Reputation: 154
I try to search for a word in google with python. Then I try to extract it into a list and print the list. But now I've got this problem:
class search:
def __init__(self, search):
page = requests.get("http://www.google.de/search?q="+search)
soup = BeautifulSoup(page.content)
links = soup.findAll("a")
for link in soup.find_all("a",href=re.compile("(?<=/url\?q=)(htt.*://.*)")):
print re.split(":(?=http)",link["href"].replace("/url?q=",""))
search("lol")
This works.
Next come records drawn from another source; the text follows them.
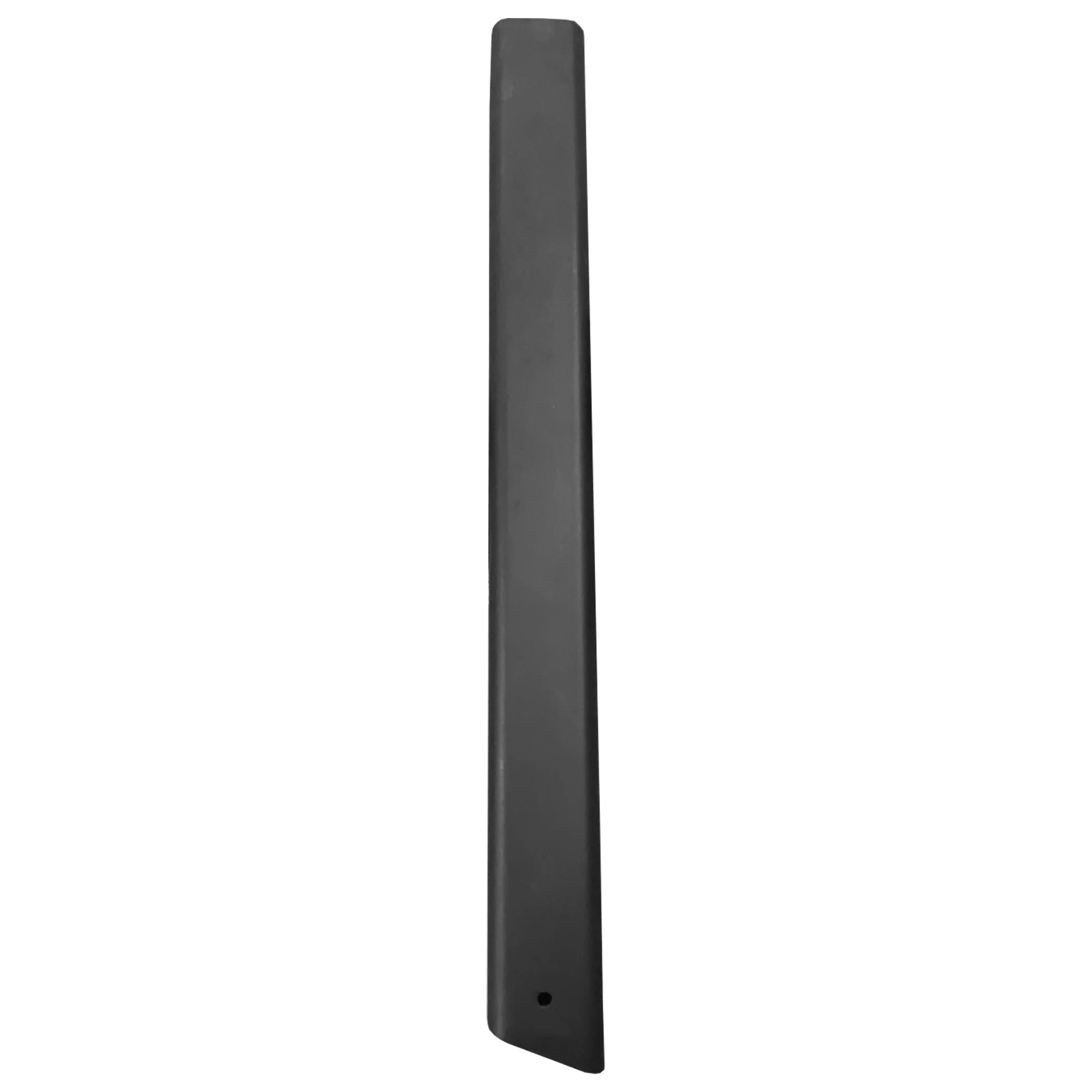 T450 Treadmill Vertical Arms - Image 4
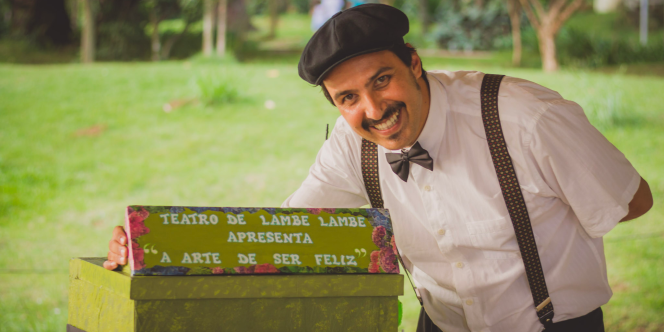 Foto: Divulgação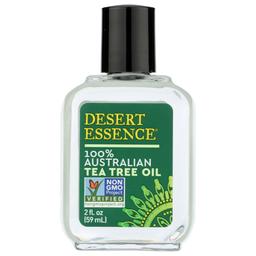 Product thumb gallery 3978978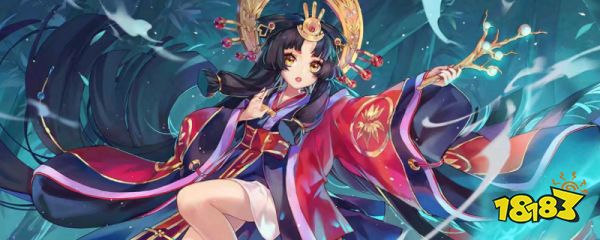 《阴阳师》安卓转ios方法详解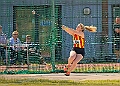 20260509 ANCHAMPSSATB00079A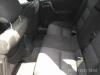 Opel Vectra B
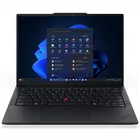 Portatīvais dators Lenovo E14 G7 14" 21T00067MH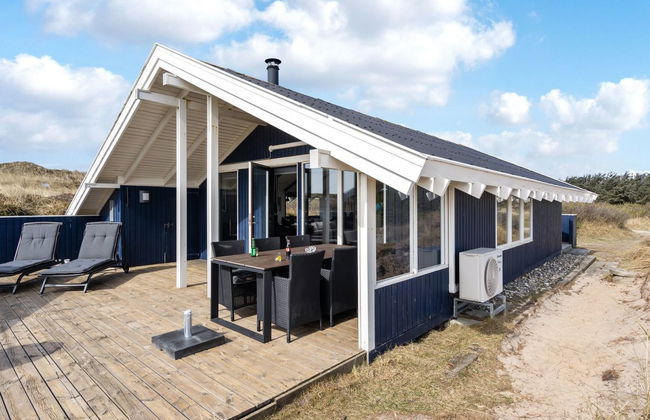 "Asalonis" - 250m from the sea - Foto 12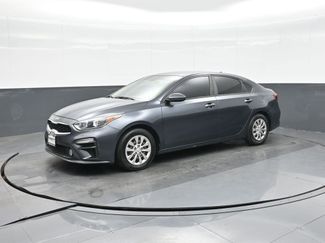 Used 2019 Kia Forte Sedan video 1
But look at the output:
['http://euw.leagueoflegends.com/de&sa=U&ved=0ahUKEwie3sWOkbHRAhVGGCwKHSChAWQQFggVMAA&usg=AFQjCNEkd1xB6jaSnzWz-VpYcnHvSNYMJA']
['http://webcache.googleusercontent.com/search%3Fq%3Dcache:as12jwqcnbAJ', 'http://euw.leagueoflegends.com/de%252Blol%26hl%3Dde%26ct%3Dclnk&sa=U&ved=0ahUKEwie3sWOkbHRAhVGGCwKHSCqewsfdvfgh1A&usg=AFQjCNEm132qewdasDq2hCb9SRjnbmbMb3rkw']
(and so on)
How do I put this into a list!? And how can I remove this webcache thing?
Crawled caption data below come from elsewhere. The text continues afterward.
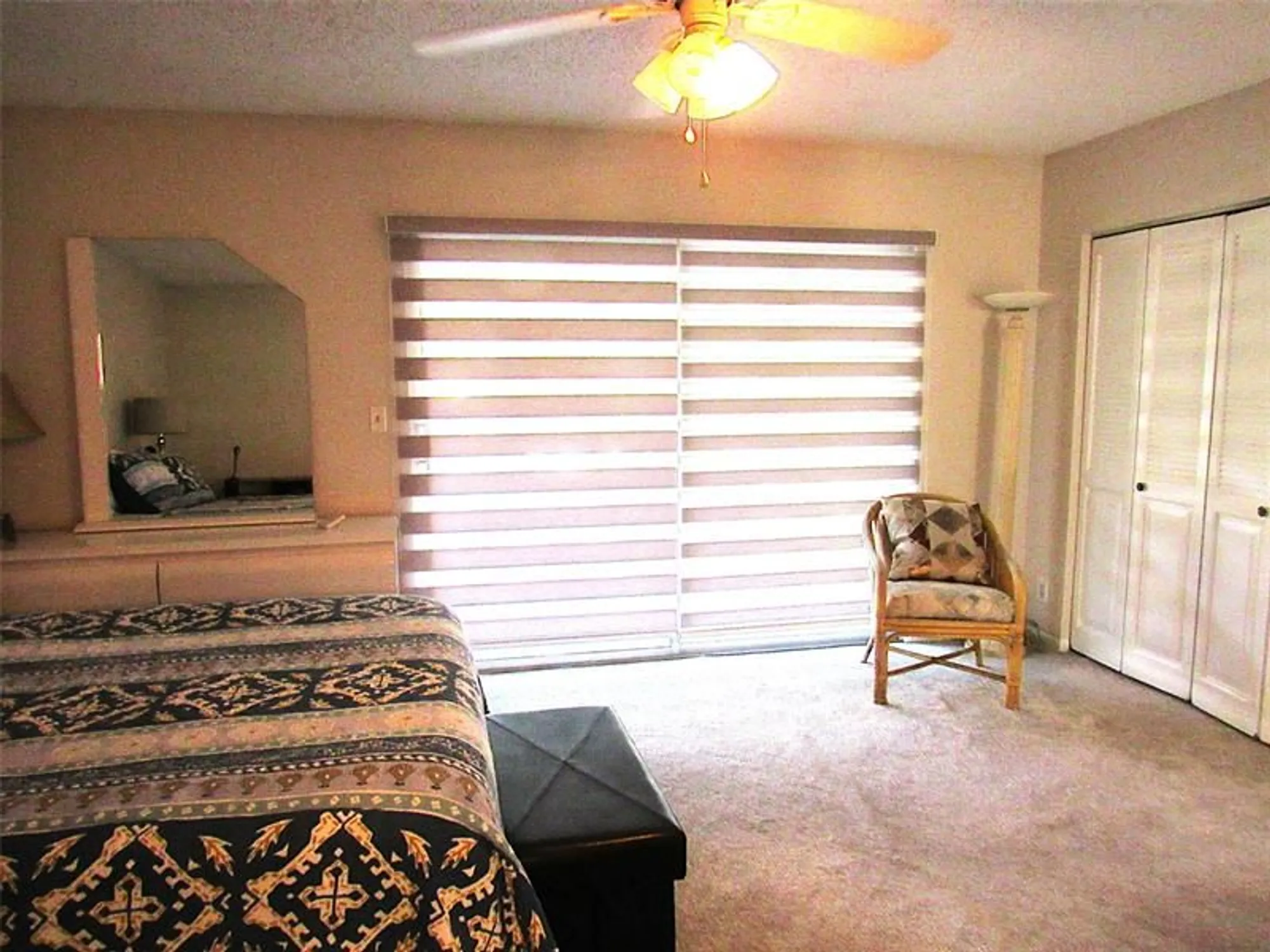 Property Slideshow image 14 of 55 | 2103 lucaya bnd j2, Coconut Creek, FL, 33066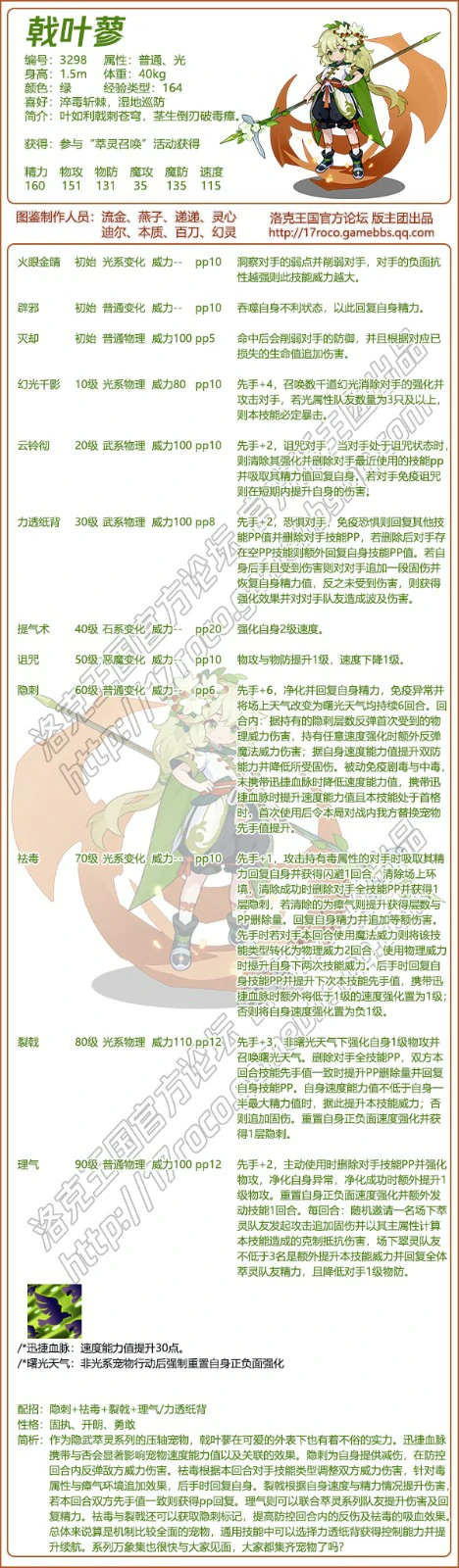 隐武萃灵系列一共有几个宠物2026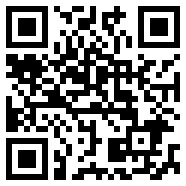 小嗨跑腿v1.0.2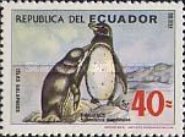 [Galapagos Islands, type BVW]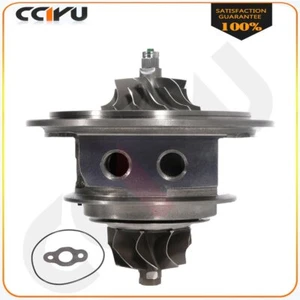 For 2011-2015 Chevrolet Cruze 1.4L New Turbocharger Cartridge 781504-5007S - Picture 1 of 5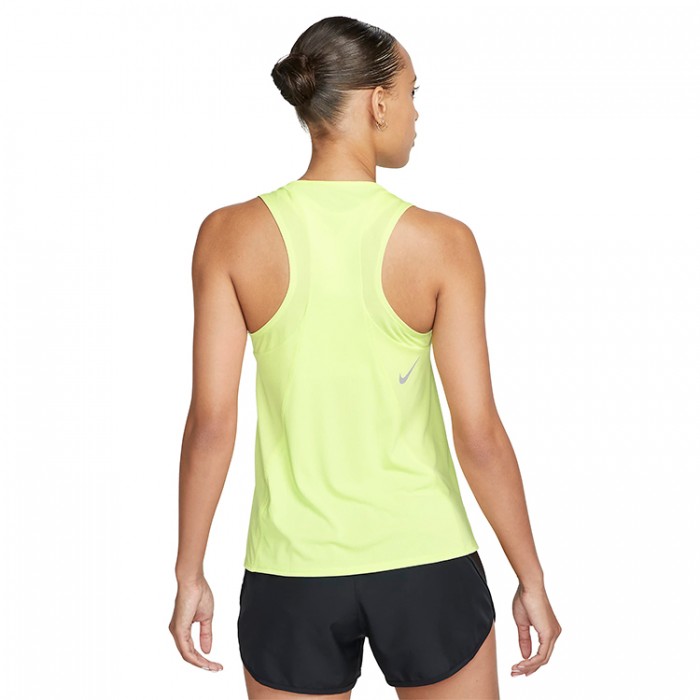 Майка Nike W NK DF RACE SINGLET DD5940-736 - 3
I know that it's utf8 encoded but I can simply decode it with urllib2.
Thank you in advance!
Upvotes: 3
Views: 1719
Reputation: 54303
This should bring you closer. links
wasn't used. The method now returns a list without strings containing webcache
:
from bs4 import BeautifulSoup
import requests
import re
class Google:
@classmethod
def search(self, search):
page = requests.get("http://www.google.de/search?q="+search)
soup = BeautifulSoup(page.content)
links = soup.find_all("a",href=re.compile("(?<=/url\?q=)(htt.*://.*)"))
urls = [re.split(":(?=http)",link["href"].replace("/url?q=",""))[0] for link in links]
return [url for url in urls if 'webcache' not in url]
print Google.search("lol")
It outputs
[u'http://euw.leagueoflegends.com/de&sa=U&ved=0ahUKEwixjpPMmrHRAhUHlSwKHUIuCIIQFggVMAA&usg=AFQjCNEkd1xB6jaSnzWz-VpYcnHvSNYMJA', u'http://euw.leagueoflegends.com/de/news/&sa=U&ved=0ahUKEwixjpPMmrHRAhUHlSwKHUIuCIIQjBAIHDAB&usg=AFQjCNGY7DvS4oNNQktCTf3FGtStOG9xvA', u'http://gameinfo.euw.leagueoflegends.com/de/game-info/&sa=U&ved=0ahUKEwixjpPMmrHRAhUHlSwKHUIuCIIQjBAIHjAD&usg=AFQjCNGrvfhy3JIOHWUYB-YtyFV2A...
Upvotes: 3